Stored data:

———

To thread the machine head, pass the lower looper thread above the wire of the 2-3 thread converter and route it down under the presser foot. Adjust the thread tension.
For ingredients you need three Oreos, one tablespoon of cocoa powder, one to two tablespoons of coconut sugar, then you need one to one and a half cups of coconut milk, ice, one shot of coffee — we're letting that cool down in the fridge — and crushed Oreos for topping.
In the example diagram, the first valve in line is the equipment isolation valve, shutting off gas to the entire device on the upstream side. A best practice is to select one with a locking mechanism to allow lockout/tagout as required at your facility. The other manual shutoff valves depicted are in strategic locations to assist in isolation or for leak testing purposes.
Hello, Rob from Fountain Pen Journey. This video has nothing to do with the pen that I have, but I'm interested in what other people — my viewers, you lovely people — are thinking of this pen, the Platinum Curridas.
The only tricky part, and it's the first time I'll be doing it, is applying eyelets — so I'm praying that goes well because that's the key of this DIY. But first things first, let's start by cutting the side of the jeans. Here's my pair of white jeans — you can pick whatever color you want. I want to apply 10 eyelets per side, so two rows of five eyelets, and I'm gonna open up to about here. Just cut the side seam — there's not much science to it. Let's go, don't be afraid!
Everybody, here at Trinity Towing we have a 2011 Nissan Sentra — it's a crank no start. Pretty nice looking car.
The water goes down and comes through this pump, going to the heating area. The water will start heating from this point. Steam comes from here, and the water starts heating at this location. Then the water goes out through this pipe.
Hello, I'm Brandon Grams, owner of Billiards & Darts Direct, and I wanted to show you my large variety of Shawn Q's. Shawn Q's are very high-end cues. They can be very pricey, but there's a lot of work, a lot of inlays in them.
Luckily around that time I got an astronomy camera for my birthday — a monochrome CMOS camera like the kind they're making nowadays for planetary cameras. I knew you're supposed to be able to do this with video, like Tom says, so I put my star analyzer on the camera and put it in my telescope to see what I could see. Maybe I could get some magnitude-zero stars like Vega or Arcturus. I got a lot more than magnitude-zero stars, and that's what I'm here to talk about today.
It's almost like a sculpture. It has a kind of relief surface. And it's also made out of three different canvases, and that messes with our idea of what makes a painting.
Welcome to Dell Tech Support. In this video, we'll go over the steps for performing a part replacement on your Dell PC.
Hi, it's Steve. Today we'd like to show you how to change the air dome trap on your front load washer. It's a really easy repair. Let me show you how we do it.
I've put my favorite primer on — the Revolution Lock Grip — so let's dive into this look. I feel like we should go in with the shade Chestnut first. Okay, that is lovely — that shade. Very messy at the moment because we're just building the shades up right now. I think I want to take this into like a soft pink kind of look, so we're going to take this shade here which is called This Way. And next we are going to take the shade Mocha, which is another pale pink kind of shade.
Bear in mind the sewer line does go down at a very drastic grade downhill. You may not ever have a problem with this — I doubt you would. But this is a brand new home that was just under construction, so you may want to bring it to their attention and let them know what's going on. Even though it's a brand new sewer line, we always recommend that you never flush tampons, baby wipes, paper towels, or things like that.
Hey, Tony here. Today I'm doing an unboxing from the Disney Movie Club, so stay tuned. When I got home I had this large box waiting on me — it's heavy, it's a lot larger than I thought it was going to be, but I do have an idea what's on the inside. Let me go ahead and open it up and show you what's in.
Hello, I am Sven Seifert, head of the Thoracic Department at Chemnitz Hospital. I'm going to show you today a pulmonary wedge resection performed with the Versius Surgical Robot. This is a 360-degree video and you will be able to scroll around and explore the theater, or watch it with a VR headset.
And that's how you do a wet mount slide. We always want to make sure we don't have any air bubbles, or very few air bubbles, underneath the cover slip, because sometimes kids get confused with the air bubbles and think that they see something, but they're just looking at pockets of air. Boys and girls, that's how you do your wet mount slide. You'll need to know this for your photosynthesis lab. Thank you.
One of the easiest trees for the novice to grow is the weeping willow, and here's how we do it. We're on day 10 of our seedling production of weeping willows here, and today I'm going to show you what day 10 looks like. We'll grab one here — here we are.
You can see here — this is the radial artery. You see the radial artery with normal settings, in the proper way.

———

● Work instructions
An exact copy of the lines from the one with "Hello, I am" through the final line of the entries is the whole answer.

● Solution for this task
Hello, I am Sven Seifert, head of the Thoracic Department at Chemnitz Hospital. I'm going to show you today a pulmonary wedge resection performed with the Versius Surgical Robot. This is a 360-degree video and you will be able to scroll around and explore the theater, or watch it with a VR headset.
And that's how you do a wet mount slide. We always want to make sure we don't have any air bubbles, or very few air bubbles, underneath the cover slip, because sometimes kids get confused with the air bubbles and think that they see something, but they're just looking at pockets of air. Boys and girls, that's how you do your wet mount slide. You'll need to know this for your photosynthesis lab. Thank you.
One of the easiest trees for the novice to grow is the weeping willow, and here's how we do it. We're on day 10 of our seedling production of weeping willows here, and today I'm going to show you what day 10 looks like. We'll grab one here — here we are.
You can see here — this is the radial artery. You see the radial artery with normal settings, in the proper way.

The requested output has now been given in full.